Mosque in Bosnia reopened after 23 years

General view of Ferhadija mosque during its opening ceremony in Banja Luka, May 7, 2016. Thousands flocked to the capital of Bosnia's Serb statelet on Saturday for the reopening of a historic mosque destroyed during wartime, a ceremony seen as encouraging religious tolerance among deeply divided communities. REUTERS/Dado Ruvic TPX IMAGES OF THE DAY

More than 10.000 people were present when a mosque in Bosnia reopened its doors for the first time in 23 years. The Ferhat Pasha mosque was one of the more than 500 mosques that were destroyed during the war in Bosnia.

The mosque, also known as Ferhadija, was originally built in Ottoman style in the 1500s. Between 1992 and 1995 the mosque, together with 534 other mosques in Bosnia, was blown up.

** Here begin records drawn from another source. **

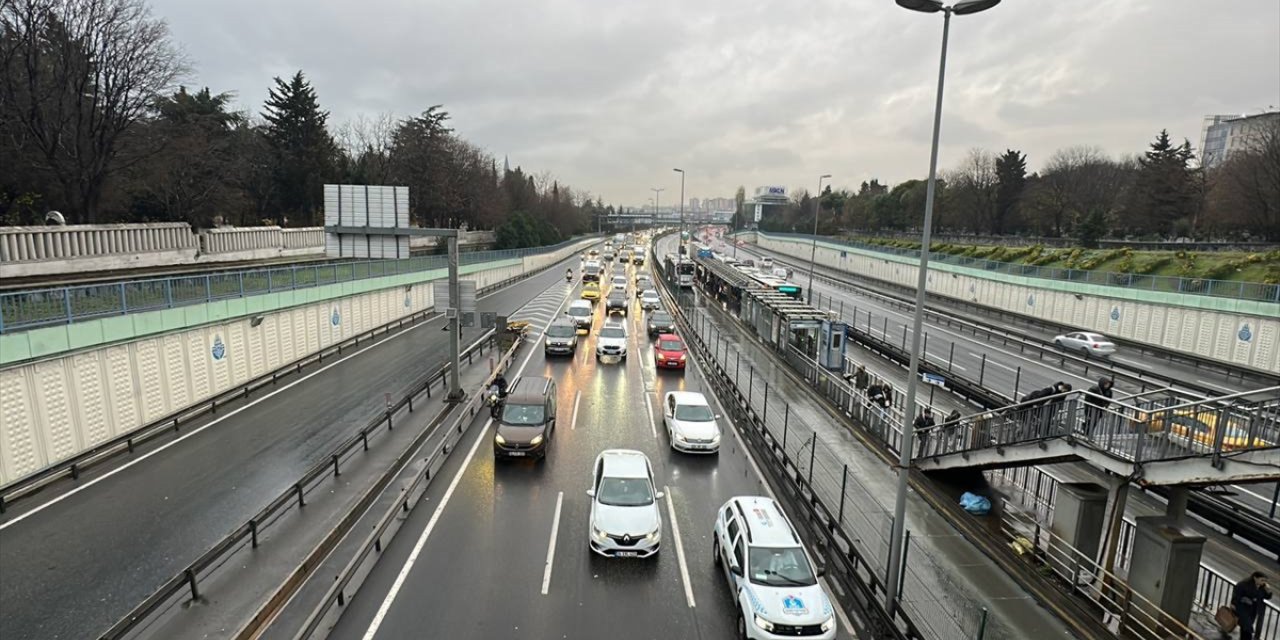 İstanbul'da yağışın da etkisiyle trafik yoğunluğu yüzde 78'e ulaştı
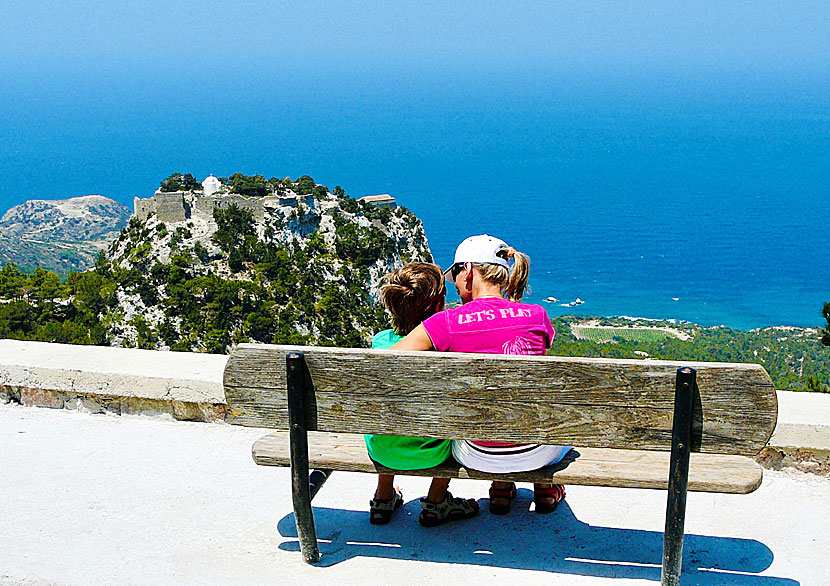 Siana ligger nära Monolithos Castle och Fourni beach på västra Rhodos.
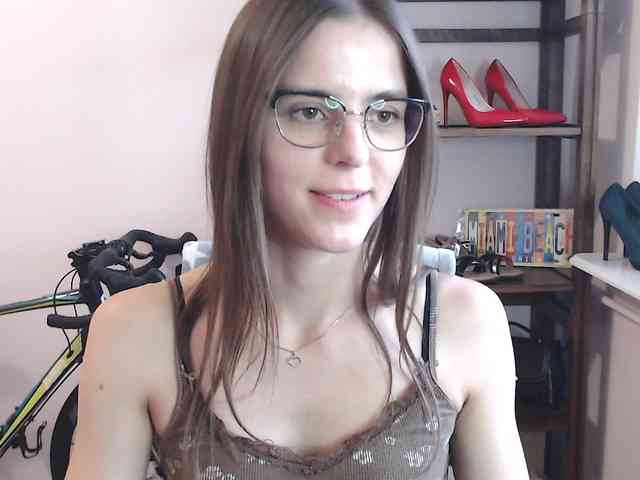 Model: MegiKiss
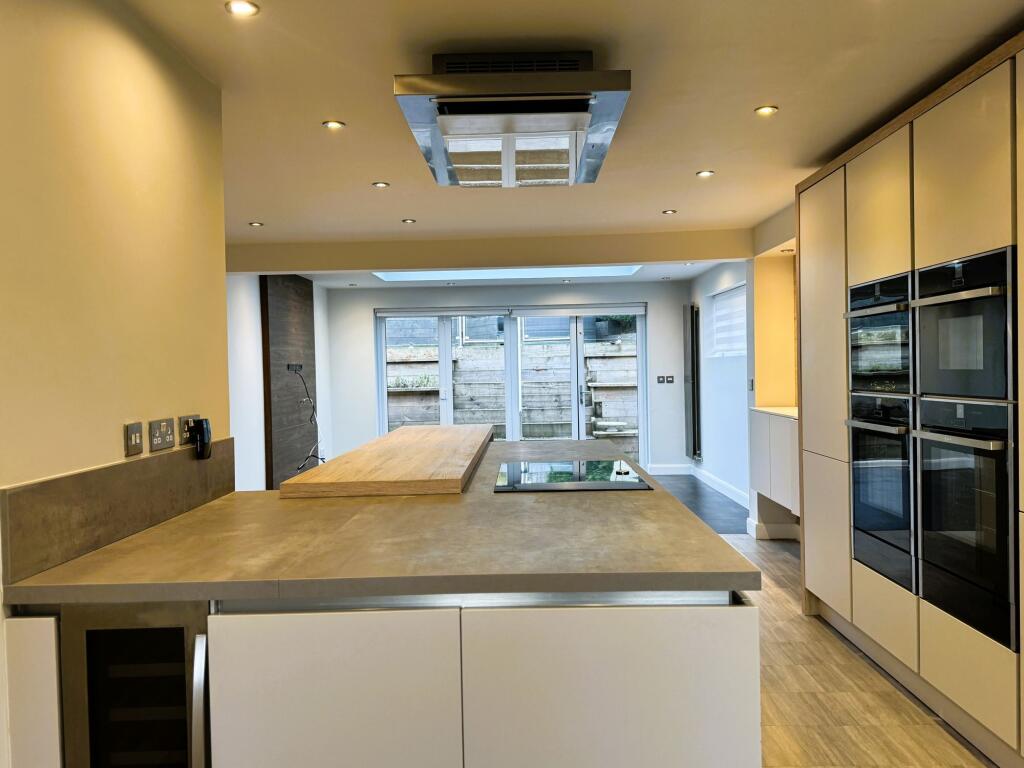 Open Plan Breakfast Kitchen &amp; Family Living Room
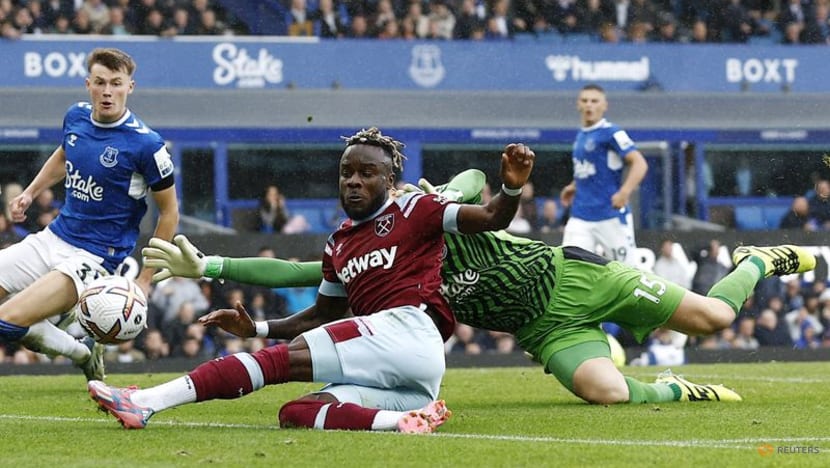 Maupay goal earns Everton victory over West Ham Maupay goal earns Everton victory over West Ham
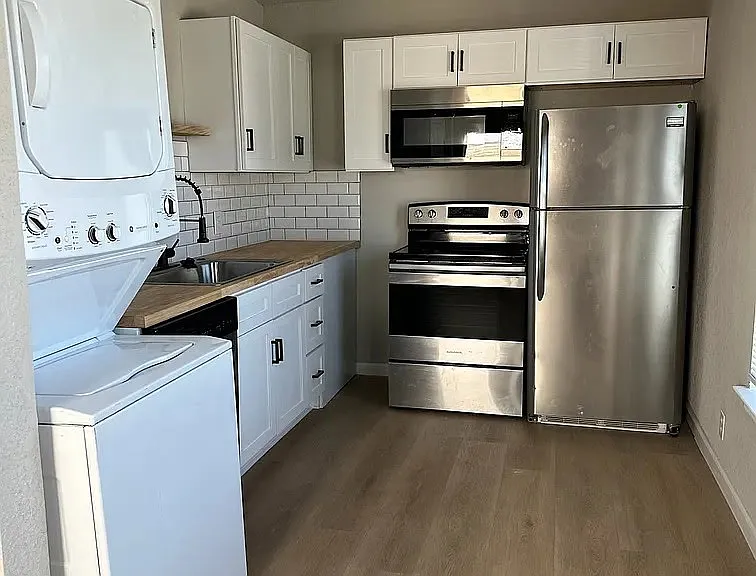 1142 Magnolia St — Photo 2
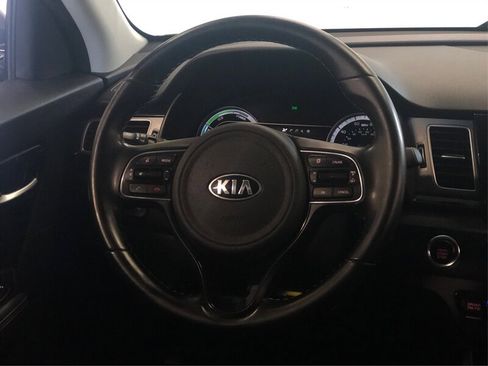 Used 2018 Kia Niro EX w/ EX Touring Graphite Edition FWD image 15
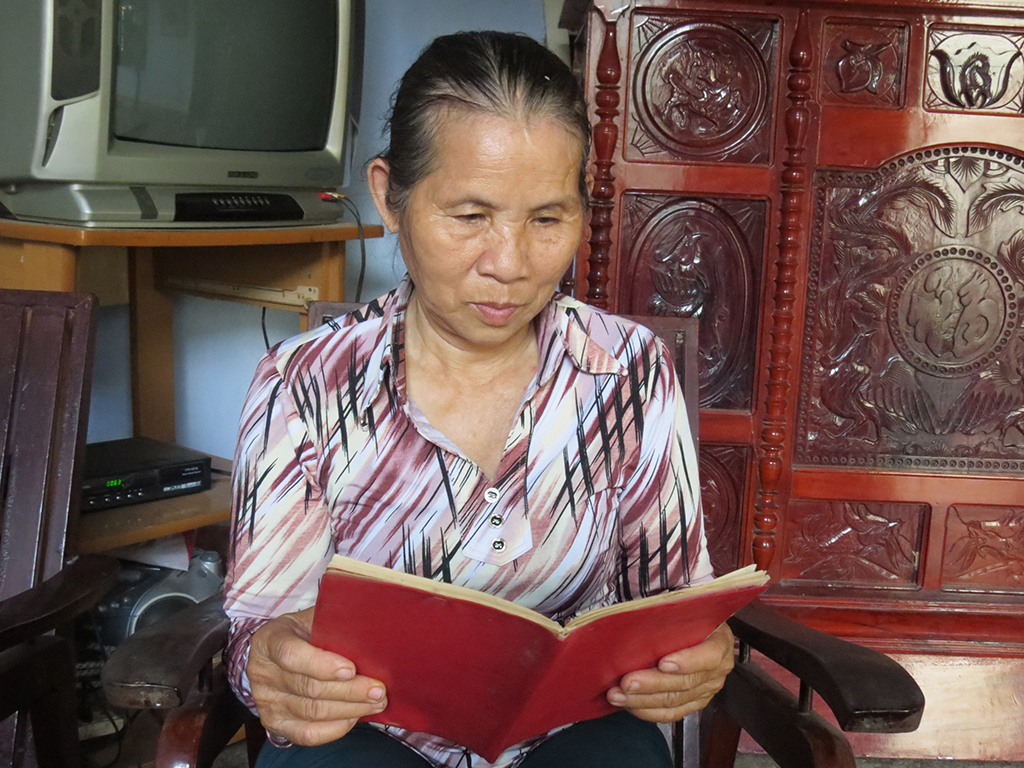 Quyển nhật ký và tập thơ ghi trong lửa đạn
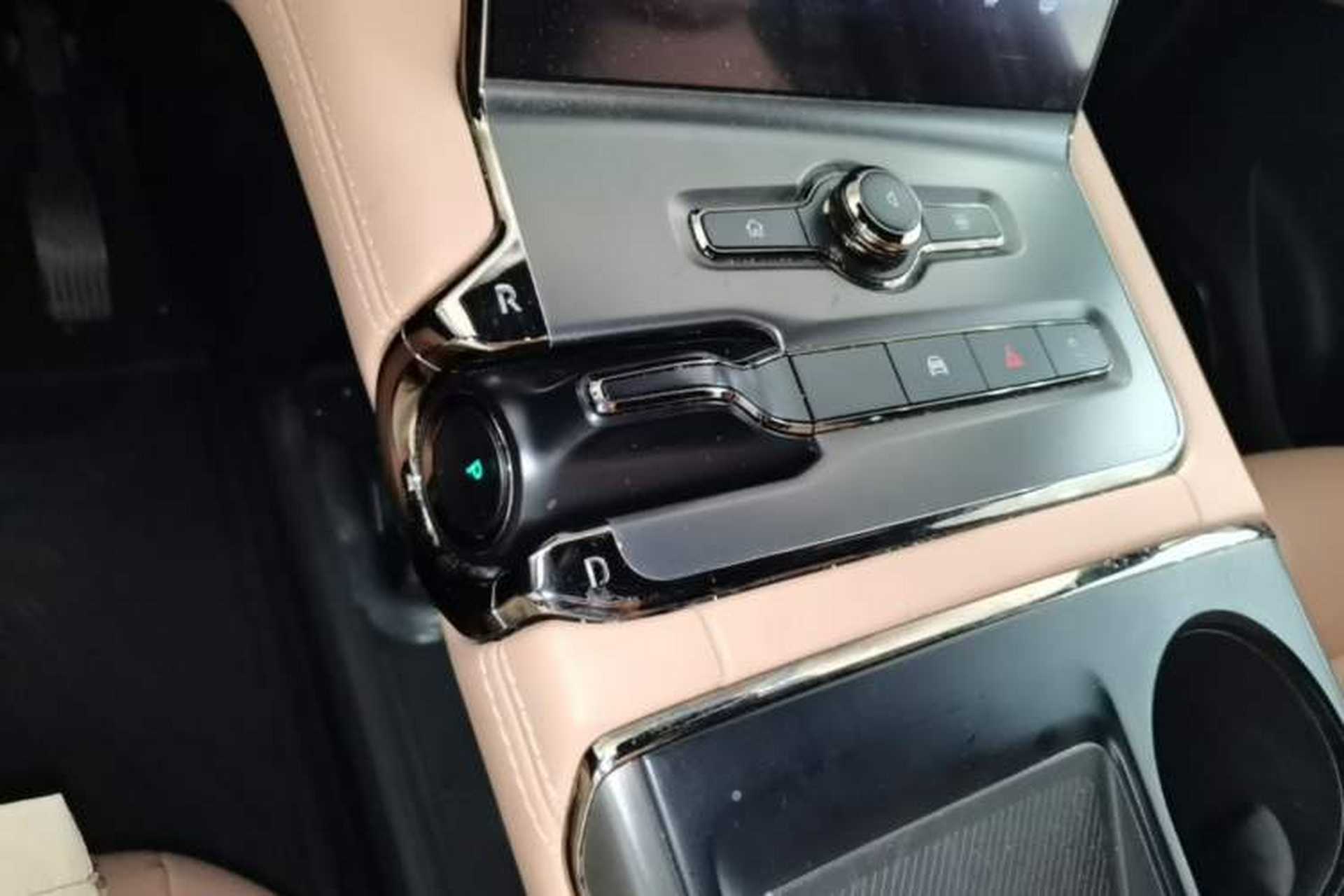 Used Nio ES6 2020 420 km Sport Edition Gear Lever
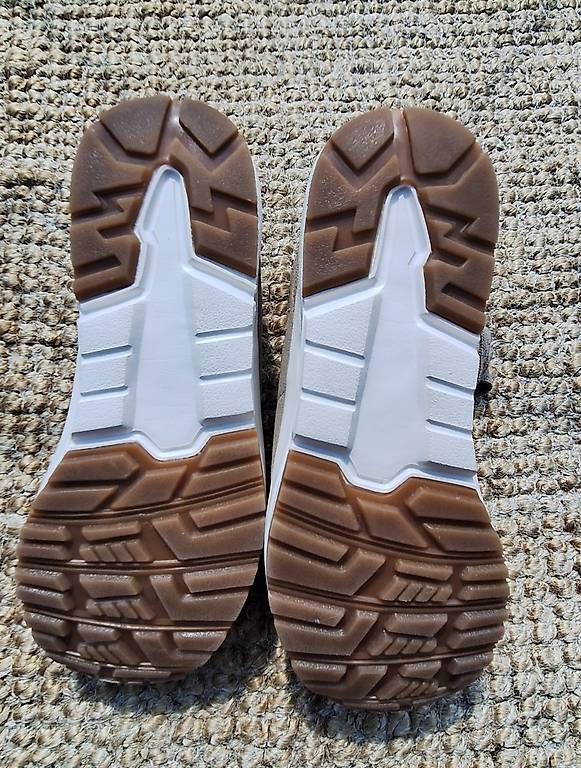 Scarpe per ragazze: Baskets style léopard – Nuovo (secondo la descrizione) da La Chaux-de-Fonds venduto da kellina 1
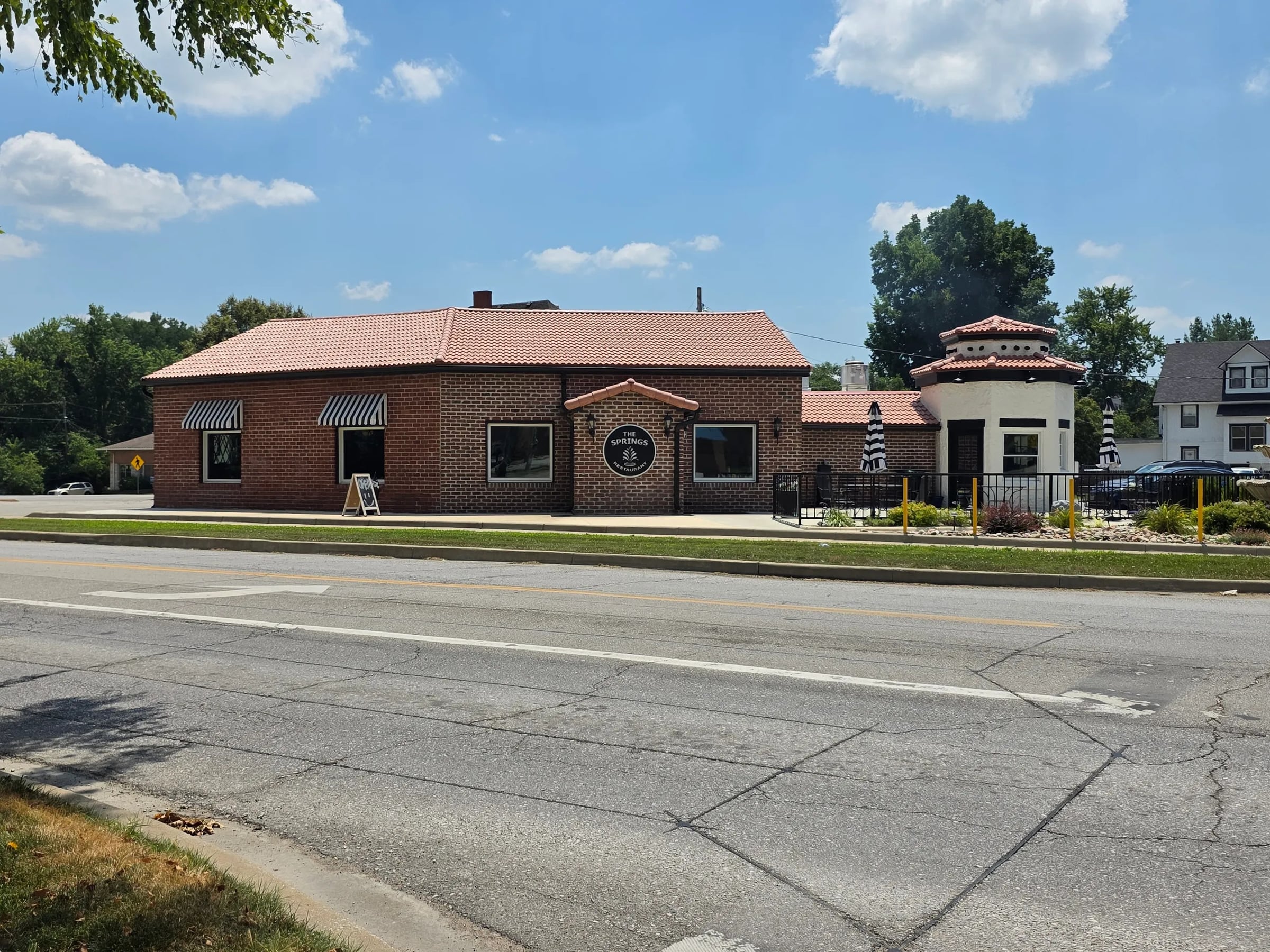 Full Restaurant for Lease in Excelsior Springs, MO, 3,700 SF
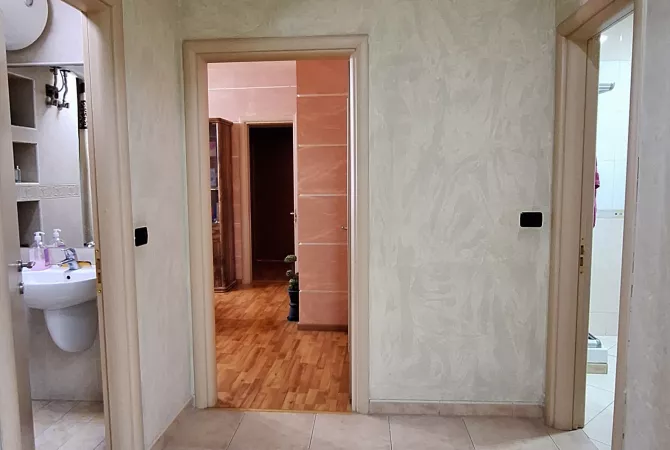 Shtepi me qera Apartament ne Tirane, 3+1, Mobilimi E mobiluar, Pagesa 700  Euro.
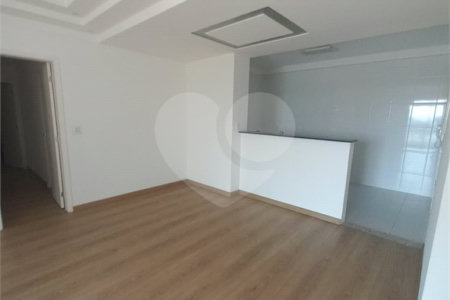 Apartamento à venda com 3 quartos, sendo 2 suítes,  no Centro, Mogi das Cruzes, SP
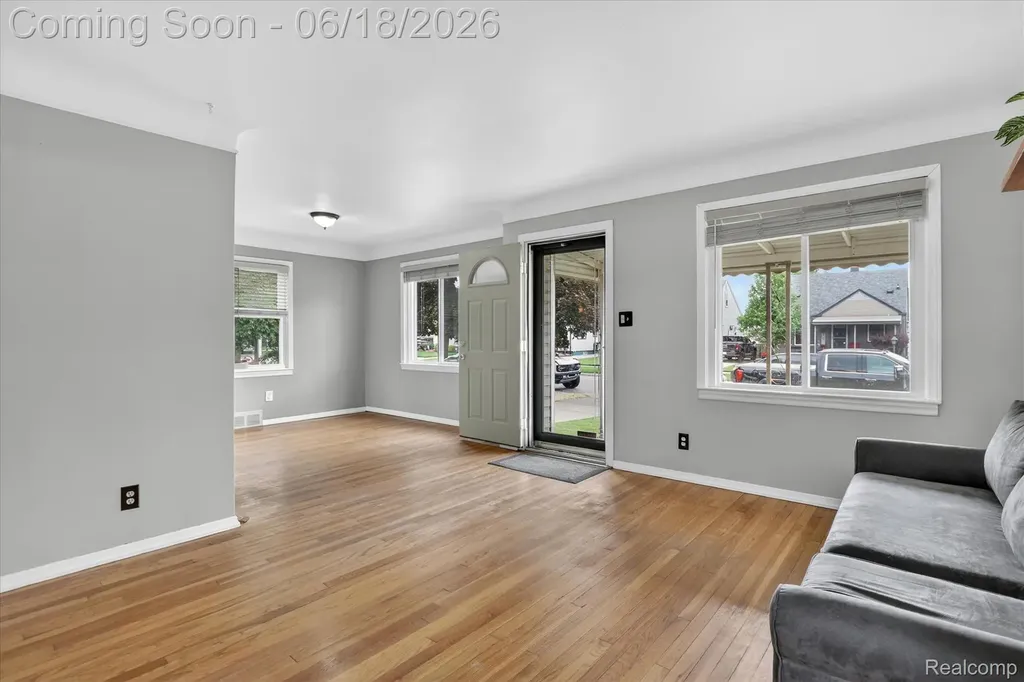 15861 Anne Avenue Allen Park City MI 48101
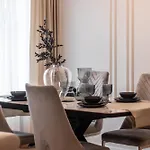 Terrific First-class In Town Center Apartment *
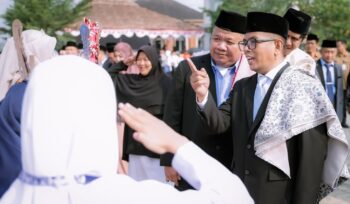 Gubernur Banten Andra Soni bersama Pimpinan Pondok Pesantren Modern Al-Muhaimin H. Eko Susilo. Foto: Awal Rijal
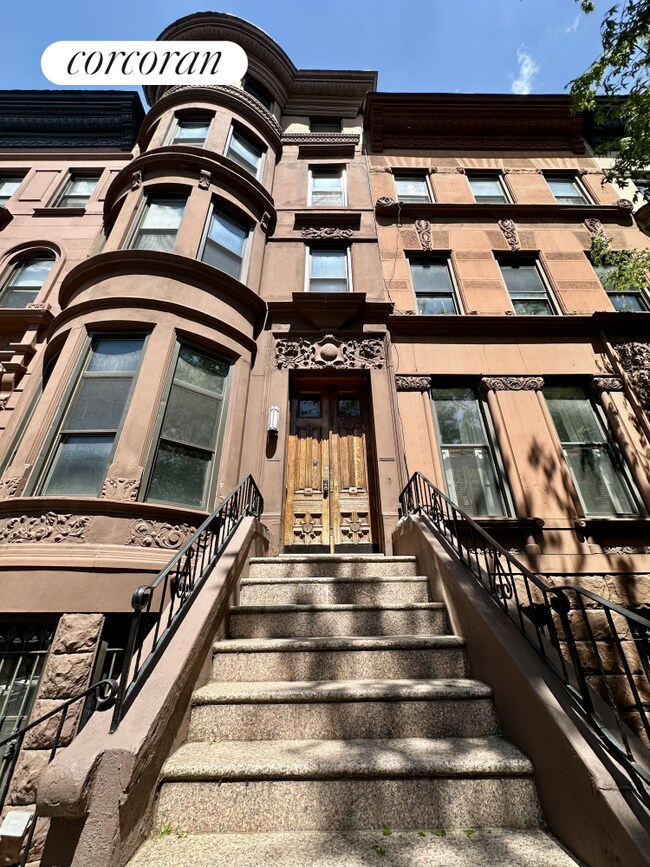 Building Photo - 57 Halsey St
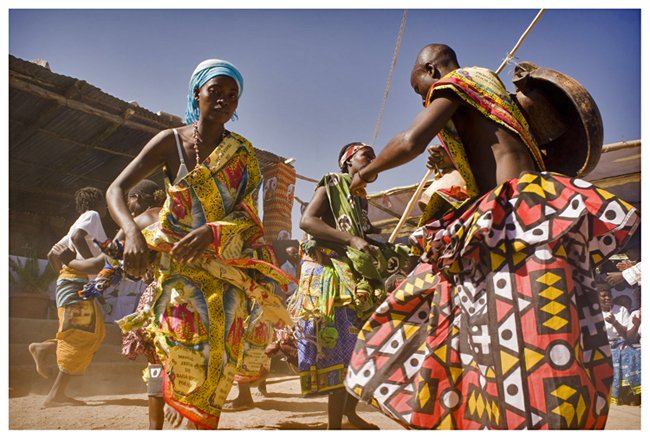Angola Dans Kültürü ve Geleneksel Angola Dansları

During an attempt in 2001 to lay down the first corner stone of the Ferhat Pasha Mosque, a Serbian nationalistic mob attacked the crowd, killing one person and leaving several injured. NATO forces intervened in time to evacuate foreign abassadors from the ceremony with helicopters. The reconstruction of the mosque is now, 15 years later, finished and includes more than 3.500 parts of the original structure of the old mosque.

23 years after its destruction, the Ferhat Pasha mosque reopens in front of a crowd of people including Turkeys Prime Minster Ahmet Davutoglu, Bosnian leaders, foreign ambassadors and representatives of different communities.